In the wake of Congressman Rogers inaccurate denial of fee diversion in 2000, his recent promises that Appropriators will fully fund the Patent Office ring hollow. If appropriators will be keeping that promise to fund the Patent Office then why is there an aversion to putting that promise in writing and enacting the legislation to guarantee it? If Rogers and others are not willing to put the promise into the statute then the promise is worthless, particularly in light of past conduct.
What the House of Representatives is starting to see is that the balance struck by the Senate was quite fragile, indeed far more so than the overwhelming 95-5 vote would suggest. No one got what they wanted, so the battle became about making sure there was nothing truly bad was in the bill, which was largely accomplished. Only those who were against first to file were still really fighting, and even those folks universally agreed with everyone else that the Patent Office should be fully funded and keep 100% of the user fees collected. That spoon full of sugar was enough to make almost everyone swallow hard and accept the change that was being passed off as reform. Remove that sweetener, add prior user rights and modify certain other provisions and now the sweetener is gone and the resulting bill would do harm to a variety of stakeholders.
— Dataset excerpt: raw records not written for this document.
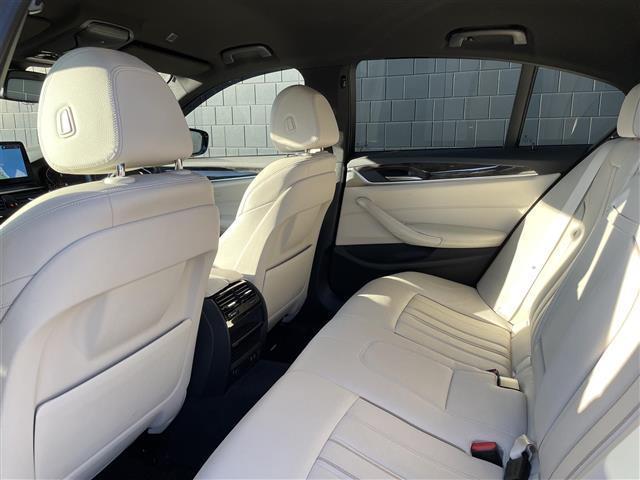 ５シリーズ ５２３ｄ　ｘＤｒｉｖｅＭスポーツエディションジョイ＋　白革　電動トランク　アンビエントライト　純正ナビ　フルセグＴＶ　カープレイ　Ｂｌｕｅｔｏｏｔｈ　ＥＴＣ　前後ドライブレコーダー　純正１９ＡＷ　シートヒーター　パワーシート　インテリジェントセーフティ（45枚目）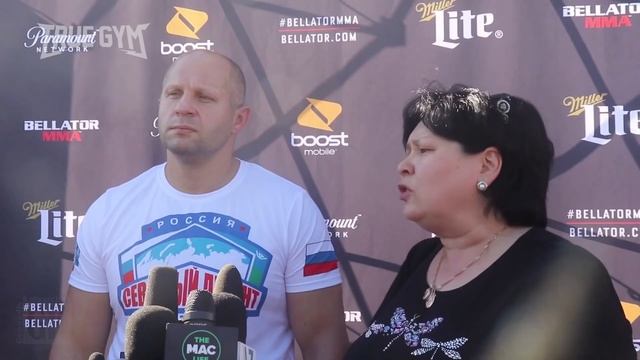 Емельяненко показал отличную форму перед боем против Райана Бейдера / Открытая тренировка Федора смотреть онлайн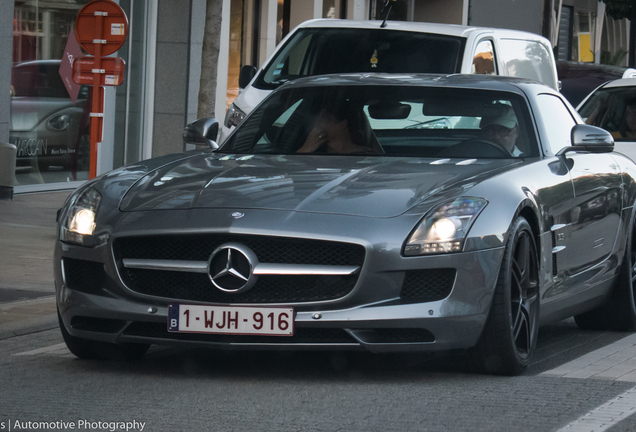 Mercedes-Benz SLS AMG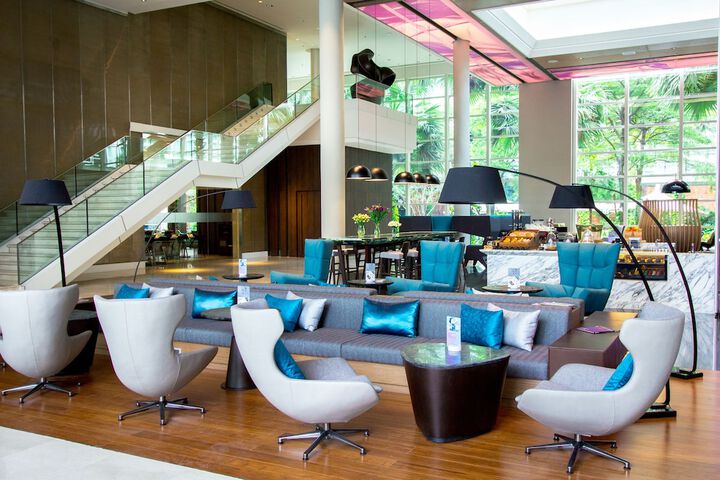 Entrance & Lobby
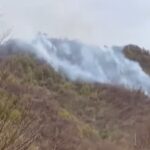 Flăcările devastatoare din pădurea Argeșului continuă să bântuie, după 24 de ore de luptă. Intervine un elicopter Black Hawk! 2 video incendiul de amploare dintr o padure din arges nestins nici dupa 24 ore a fost chemat si un elicopter black hawk 68036850838bf
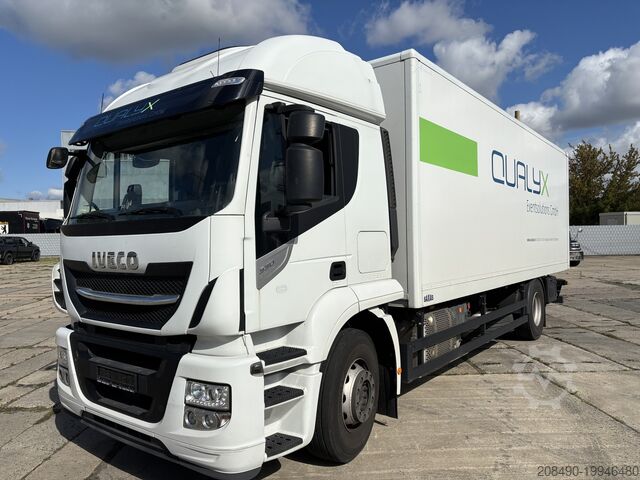 Грузовик с фургонной надстройкой и гидробортом Iveco Stralis 330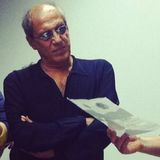 Adriano Celentano non è scomparso: fake news, amicizie perdute, e un dolce ricordo musicale parlando del brano "Il Tempo se ne va" del 1980.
What is evolving seems to be the beginning of the end. How many politicians are going to continue fighting on a patent issue that won’t get them a single vote? With the debt ceiling looming, more amendments coming and the vote getting pushed back on patent reform in the House, how long will this go on? There are not the votes there presently to pass H.R. 1249 and challenges are coming from all corners, both from Democrats and Republicans.
As I watch what continues to unfold I am reminded of the old saying about the two things you never want to see made: law and sausage. Right about now I can’t imagine that watching sausage being made is nearly as disgusting as watching laws being created. It is truly sad to see everyone in an industry agree on what is needed and to have Congress, most of whom have never worked in the private sector, think they know better.